This is Flash Bangs.  He is lighter in color than his brother.  He is much gentler than his brother and of the two is by far the more sociable.


----------



## sawfish99 (Oct 14, 2011)

aggieterpkatie said:
			
		

> Looks good, but I wouldn't consider them vocal at all.    Mine are pretty quiet.  You may want to also add something in there about them being the best breed of goat out there.
> 
> 
> Rolls, I really wish you were closer because I'd give you a good deal on him....especially if I could use him to breed my doe.  I hate to sell him but I just don't have the space.
> ...


Aggieterpkatie - 
Where you are located?  We are in CT and I have a few options within 2 hours for breeding, but would consider others as well.


----------



## aggieterpkatie (Oct 16, 2011)

sawfish99 said:
			
		

> aggieterpkatie said:
> 
> 
> 
> ...


I'm in MD, on the Eastern Shore.  I went to CT last fall and it was 5 hours.
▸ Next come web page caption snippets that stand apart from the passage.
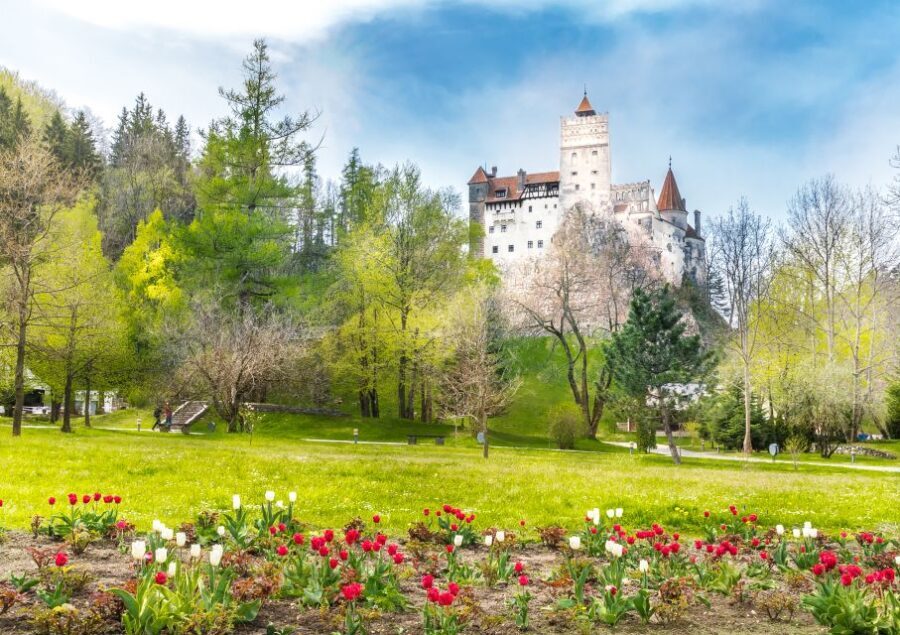 Bucharest: Dracula Castle, Peles Castle & Brasov Guided Tour - Key highlights to know before you go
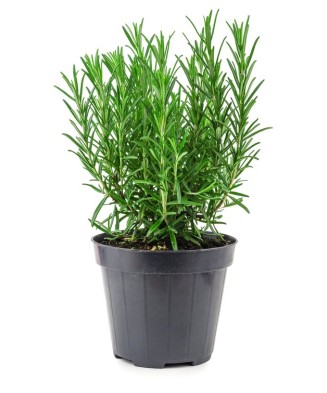 Planta aromatica, Rozmarin...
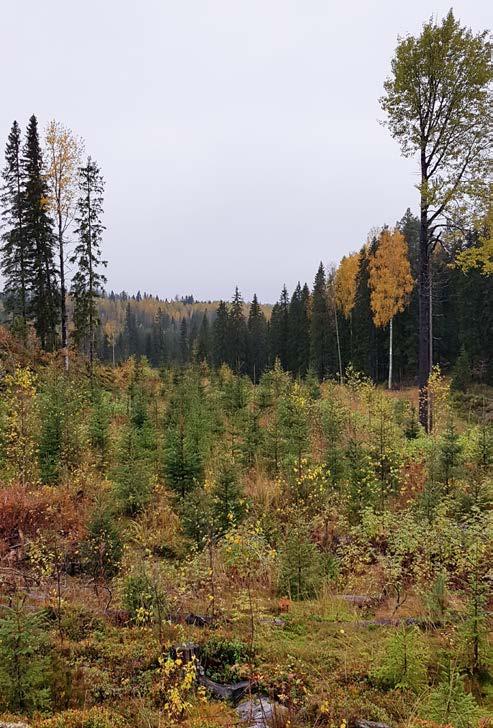 4 Metsätalousvaikutusten arviointi Yleiskaavan merkinnöillä ja määräyksillä on oikeudellisia, taloudellisia ja toiminnallisia vaikutuksia metsien käytölle ja metsäelinkeinoille sekä kunnan asukkaille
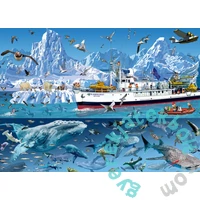 Bluebird 1500 db-os puzzle - Francois Ruyer - Arctic - Bluebird Boat (90038)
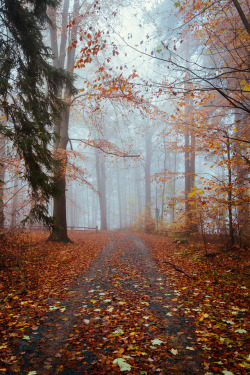 satakentia: Autumn VibesNiederrathen, Saxony, Germany by Thomas Richter 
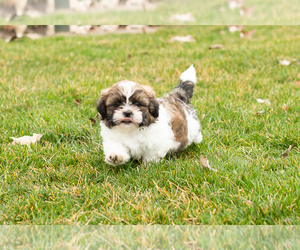 Brittany Puppy for sale in NAPPANEE, IN, USA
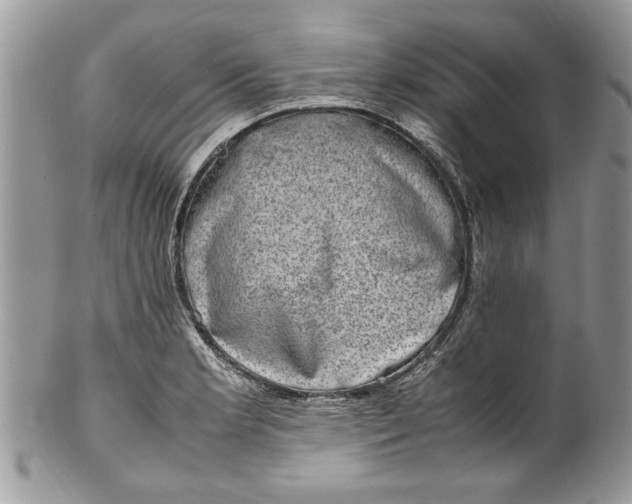 X0000100421181200806201816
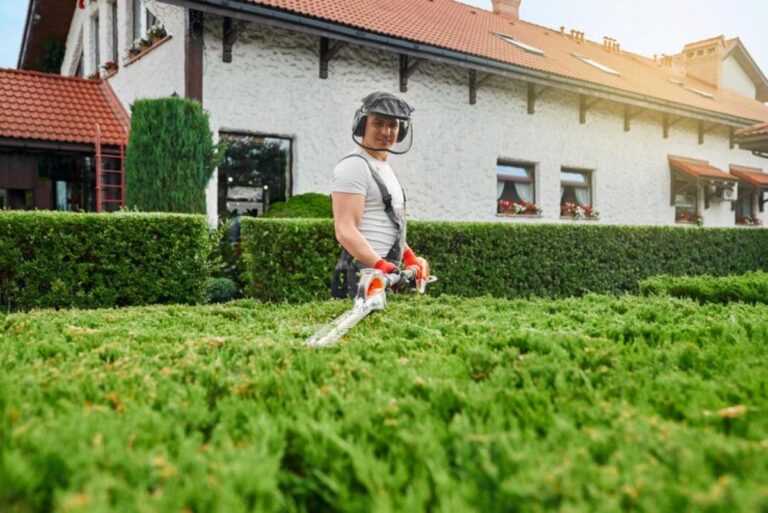 cost of hedge trimming
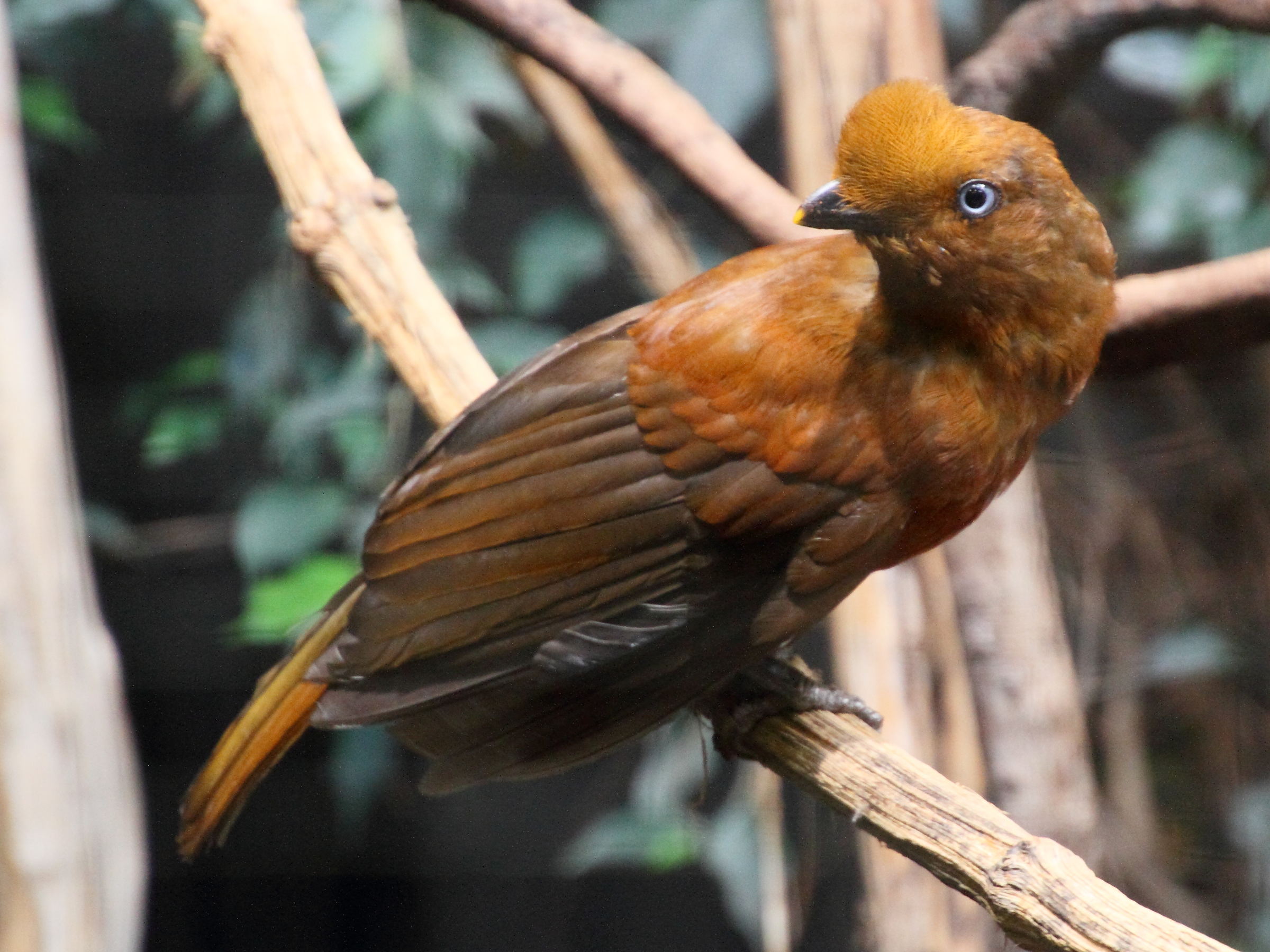 coq_de_roche_peruvien_-_rupicola_peruvianus2md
I can't remember exactly where I went, but it was kinda middle of the state.  If I knew he was going to a good home I would definitely cut you a good deal!


----------



## sawfish99 (Oct 17, 2011)

aggieterpkatie said:
			
		

> sawfish99 said:
> 
> 
> 
> ...


Thanks, but that is a little farther than I am interested in traveling.


----------



## MaggieMay (Oct 27, 2011)

Hi
I joined a while ago but havent posted, till I saw this!  Do you still need Ober pics?  We have 3 does, 1 kidded last spring, some pics are very very cute....
I love seeing pics of everyone elses goats, esp the kids.


----------



## elevan (Oct 27, 2011)

We love pictures on this forum    Post away!


----------



## MaggieMay (Oct 27, 2011)

ok, here ya go!

6yr old doe 






6yr old doe and kid





4month old buck kid





buckling


----------



## aggieterpkatie (Oct 27, 2011)

Gorgeous pics!!  Where are ya located?


----------



## MaggieMay (Oct 27, 2011)

aggieterpkatie said:
			
		

> Gorgeous pics!!  Where are ya located?


thanks! 
Im in N Central Valley, Calif.


----------



## Roll farms (Oct 27, 2011)

Alas, Aggie.... she's out of our range.



Pretty goats!


----------